The Hungry Bitches’ performance of their musical Facehunters last night demonstrated their unmistakeable enthusiasm and passion for musical theatre, and exhibited an admirable level of commitment and hard-work from all involved. The singing and dancing were both executed with a commendable degree of talent, professionalism and creativity, although the performance was greatly let down by technical difficulties resulting in low microphone volumes.
Facehunters poses itself as a knowing satire of the modern East London hipster scene, an ironic send-up of everything ‘edgy’ and ‘alternative’, humorously poking fun at a collection of seemingly vacuous and pretentious twenty-somethings. They spend their days and drug-fuelled nights partying, writing blogs, having photographer friends, and generally being ‘young, beautiful and hip’. Inspired by Wilde’s The Picture of Dorian Gray, the plot focuses on a love triangle between three young women.
However, it seemed difficult to gage whether the performance was ultimately celebrating or mocking hipster culture – their parodies often felt a little unconvincing and self-conscious.

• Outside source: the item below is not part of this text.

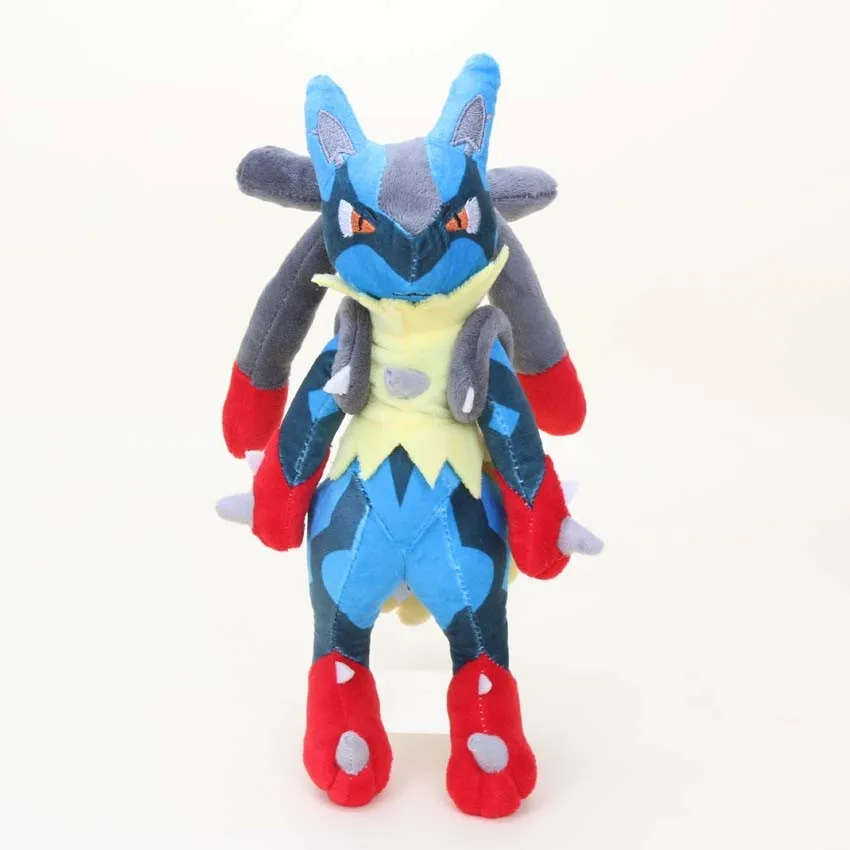 28 см карман кукла центр мега Lucario XY Мягкие плюшевые игрушки мягкие куклы для детей Высокое качество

Building an emotional connection to many of the characters was often challenging, as more stimulating character development was needed to sustain interest, and the plot sadly lacked engaging progression, despite picking up in the second half.
Technical hindrances unfortunately made it difficult to discern a large amount of the dialogue and lyrics of big chorus numbers; as such, much of the early plot was lost on the audience, and it was only in the second half that the storyline and character development began to take shape.
Despite such observations, the singing and dancing were first-class, the acting impassioned and heartfelt, and the dedication of those involved palpable. The inclusion of a live band brought an exciting new dimension to the performance, and overall Facehunters demonstrated daring, creativity, and promising originality.